Procedural Animation


Skills

 

Introduction


A common method of producing a Fire Effect in Unity is to use a Particle System or VFX Graph, however the many transparent quads used for each particle creates overdraw which can affect performance, especially for mobile platforms.

Usually when rendering Opaque geometry, Unity renders objects front-to-back, allowing z-testing to take place; objects obscured by closer objects have their fragments discarded from being rendered, avoiding unnecessary calculations. However when rendering Transparent geometry, Unity has to render those objects back-to-front instead, in order to achieve the correct alpha blending between transparent objects.
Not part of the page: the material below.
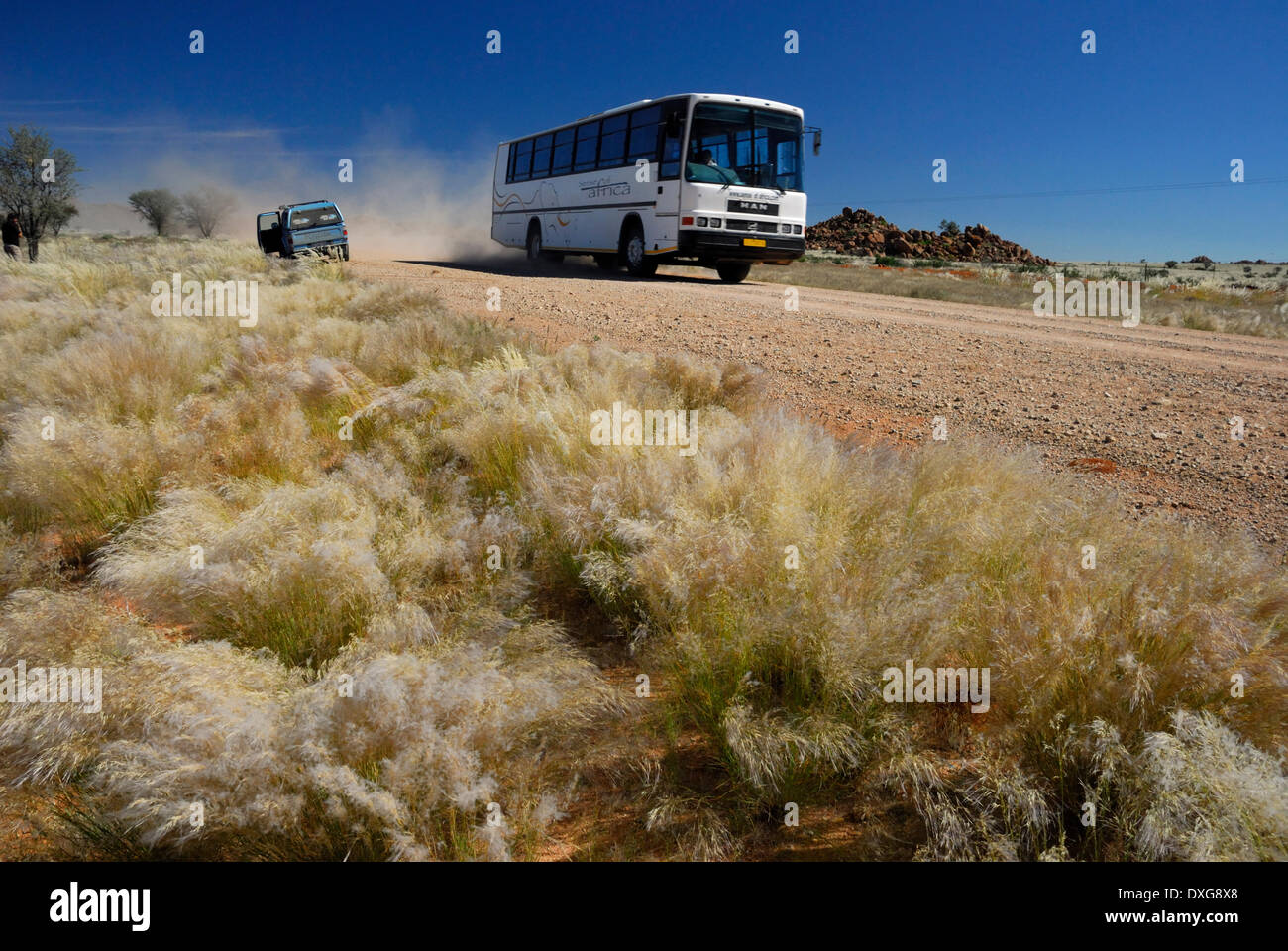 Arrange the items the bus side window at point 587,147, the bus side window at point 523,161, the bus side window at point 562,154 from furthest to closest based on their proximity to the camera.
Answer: the bus side window at point 523,161, the bus side window at point 562,154, the bus side window at point 587,147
If a scene contains many of these particles systems the Transparent queue can get filled very quickly, resulting in an overcomplex scene that eats away a large portion of the overall graphics budget.
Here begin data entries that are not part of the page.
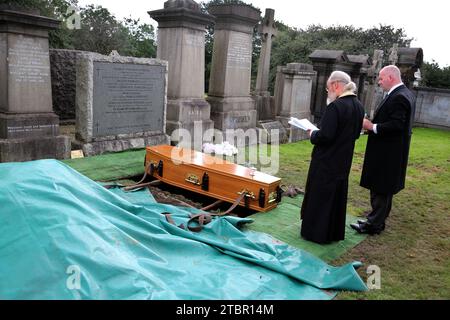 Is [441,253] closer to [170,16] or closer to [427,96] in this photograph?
[170,16]

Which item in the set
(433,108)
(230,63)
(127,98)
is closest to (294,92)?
(230,63)

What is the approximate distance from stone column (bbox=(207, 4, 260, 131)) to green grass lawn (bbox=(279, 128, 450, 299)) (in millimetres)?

A different technique that mitigates this issue is to offset a single quad’s UVs, using noise, to create a fire effect. This reduces the amount of transparent objects per fire effect to one, means many of these fires can run in parallel on the GPU, and also takes less calulations than the particle system. I first saw this technique at an Unreal Engine talk about RiME Stylized VFX.

Based on this concept I’ve made multiple versions of a fire shader to try replicate the benefits, one using procedural noise and shapes, and the other using premade textures.



Procedural


In order to create the movement needed for the Fire Effect, I’ve sampled the Time and multiplied it by a float to control the magnitude of the scrolling. To get the scrolling to move upwards I inverted it, as the default Time output scrolls the texure downwards. I then used this value as the Y component of a Vector2, leaving the X component as 0, which is used as the offset for the Tiling And Offset Node. I used a Vector2 Property to control the scale of the tiling, allowing the scale of the noise to changed in the Inspector. The scrolling UV’s from the Tiling And Offset will then be used as the UV input for a Simple Noise Node and Voronoi Node.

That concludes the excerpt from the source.